[[ Provided records open ]]

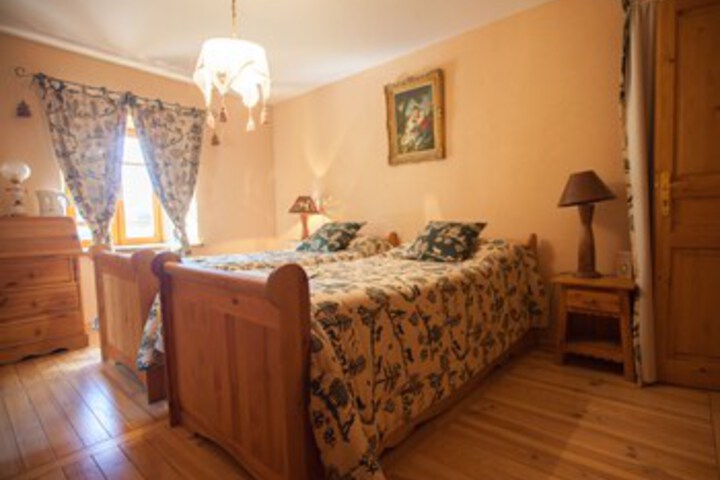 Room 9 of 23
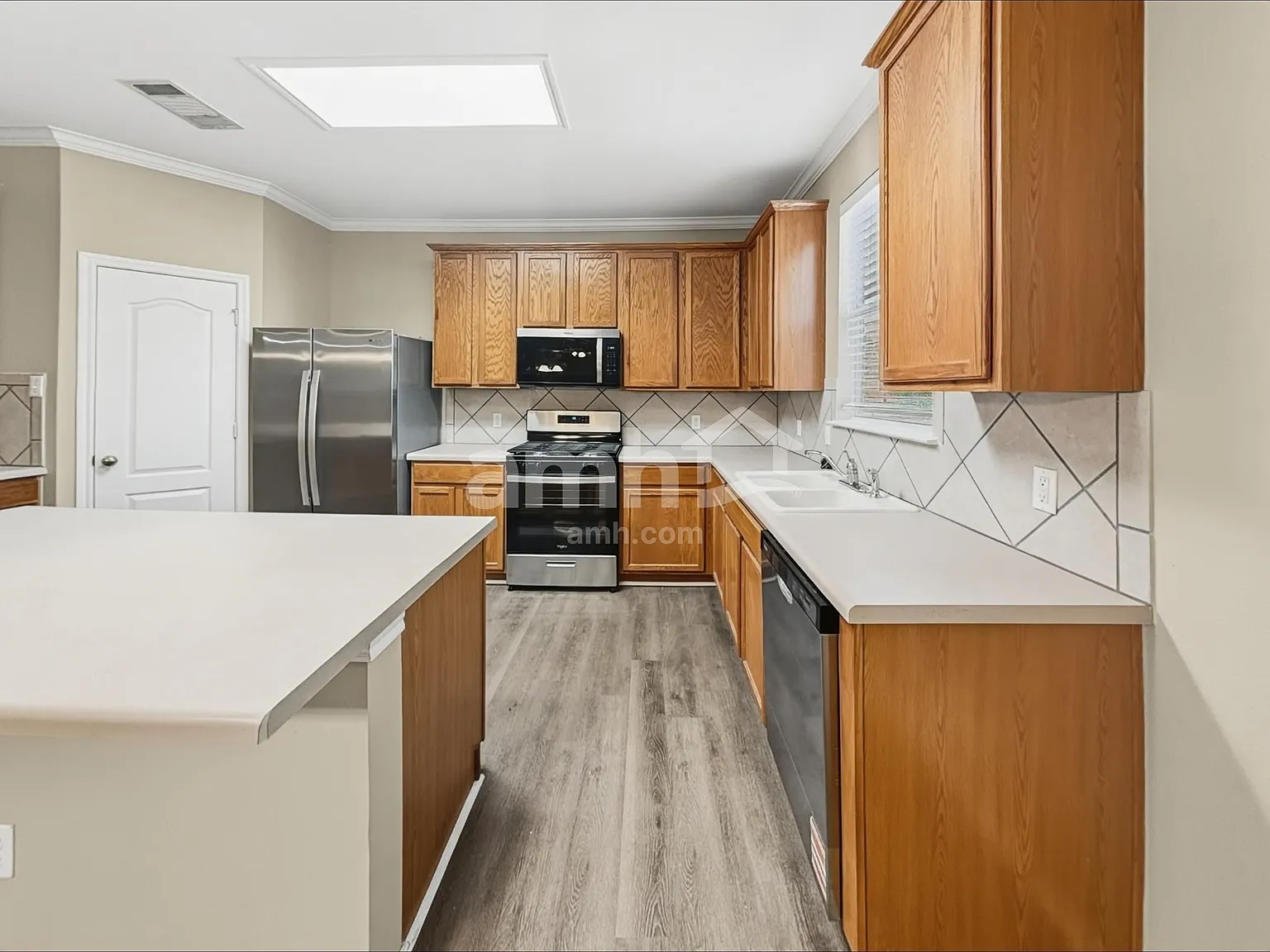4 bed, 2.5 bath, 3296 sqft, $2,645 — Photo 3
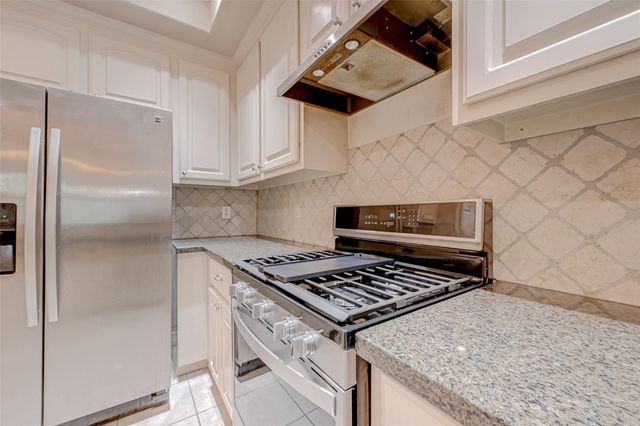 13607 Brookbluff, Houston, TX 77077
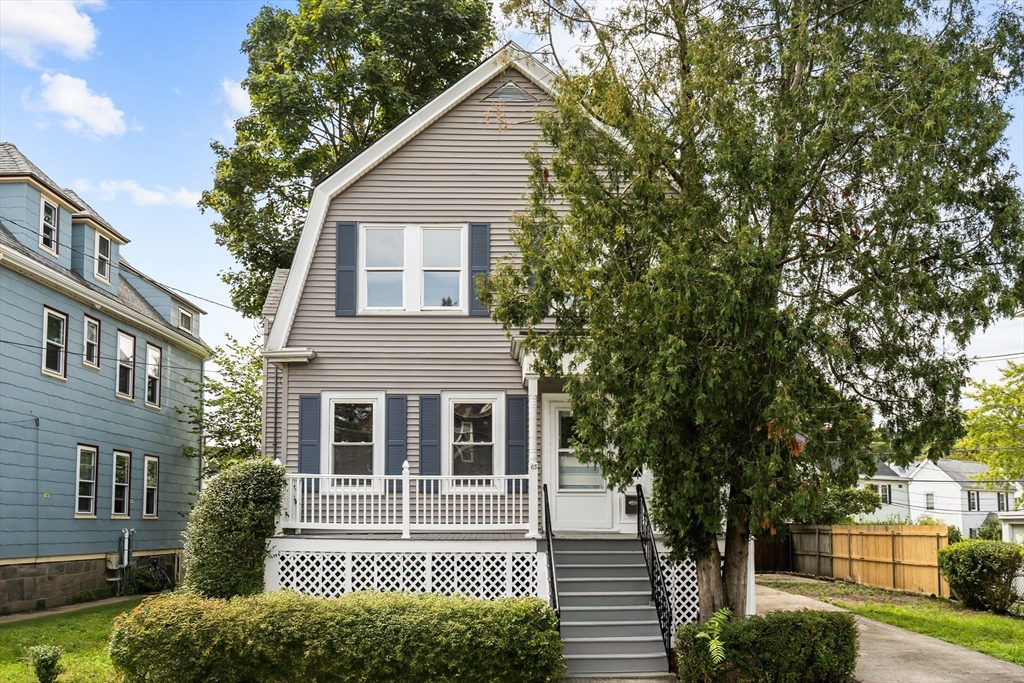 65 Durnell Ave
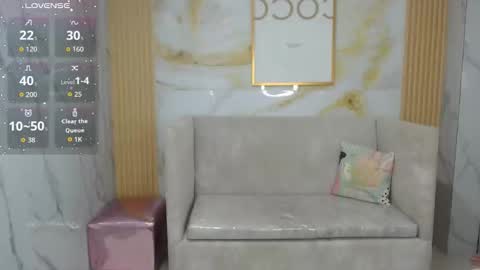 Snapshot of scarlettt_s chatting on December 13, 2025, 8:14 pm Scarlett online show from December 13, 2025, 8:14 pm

[[ Provided records closed ]]
[[ Provided records open ]]

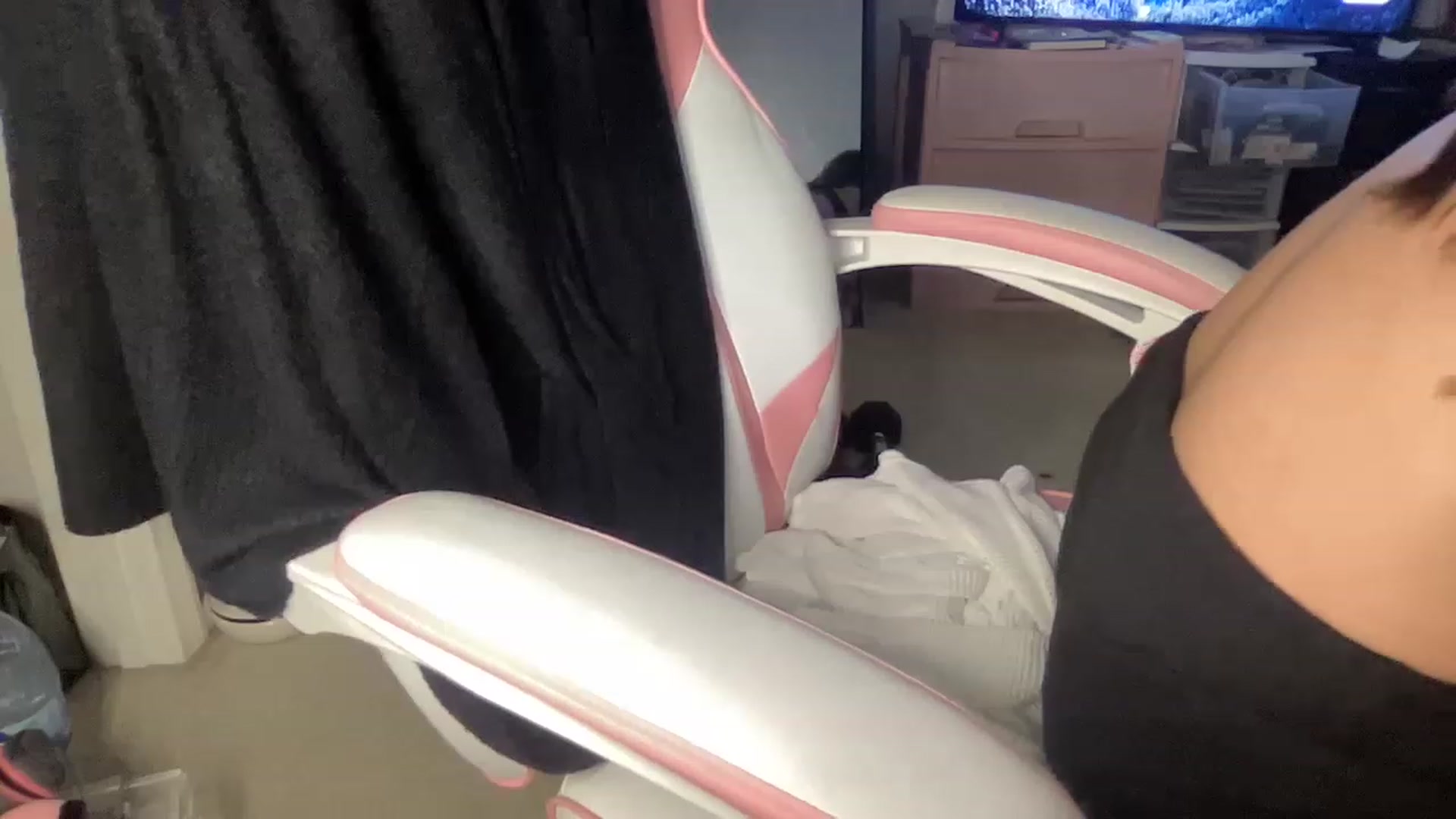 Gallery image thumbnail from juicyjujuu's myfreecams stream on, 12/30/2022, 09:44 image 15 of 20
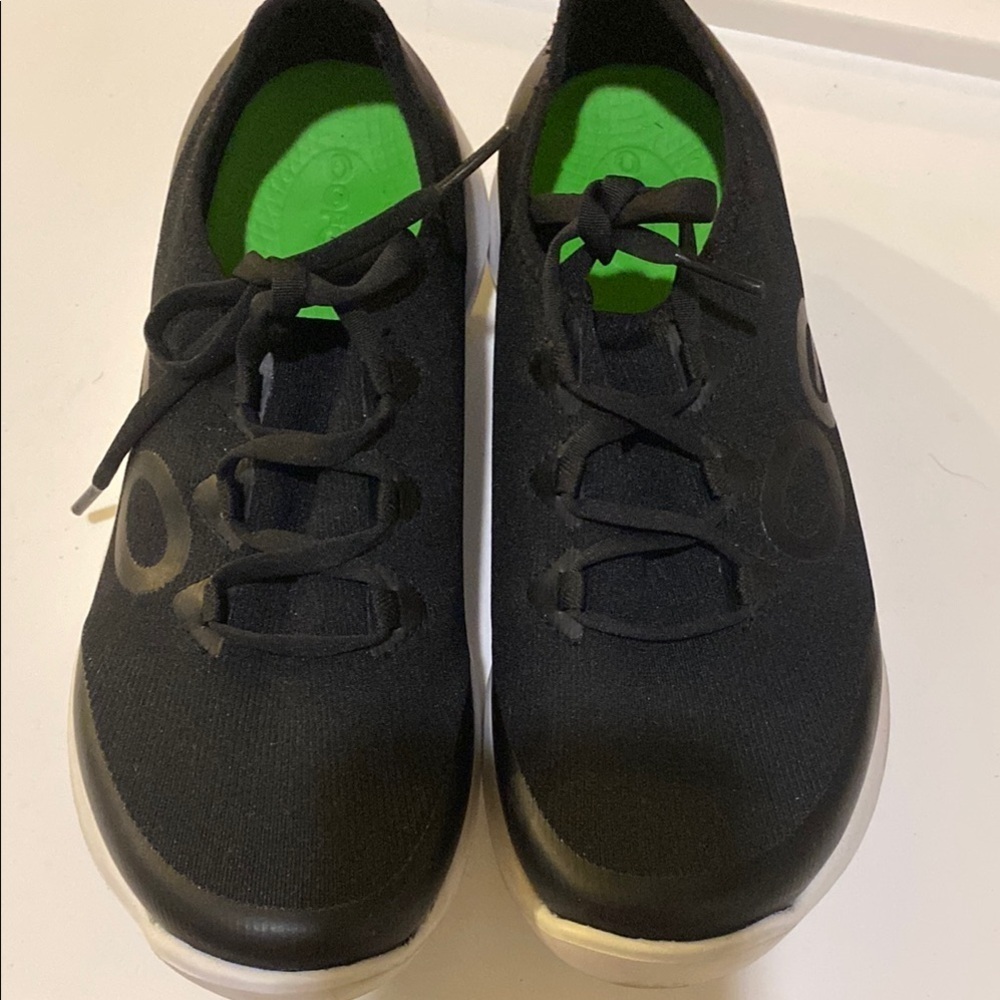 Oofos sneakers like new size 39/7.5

[[ Provided records closed ]]

» **Exercise**
Start with the line with "13607 Brookbluff, Houston, TX 77077" in the listing above and stop after the line with "Snapshot of scarlettt_s". Write out exactly the lines in that stretch and no others, without pictures.

» **The completed task**
 13607 Brookbluff, Houston, TX 77077
 65 Durnell Ave
 Snapshot of scarlettt_s chatting on December 13, 2025, 8:14 pm Scarlett online show from December 13, 2025, 8:14 pm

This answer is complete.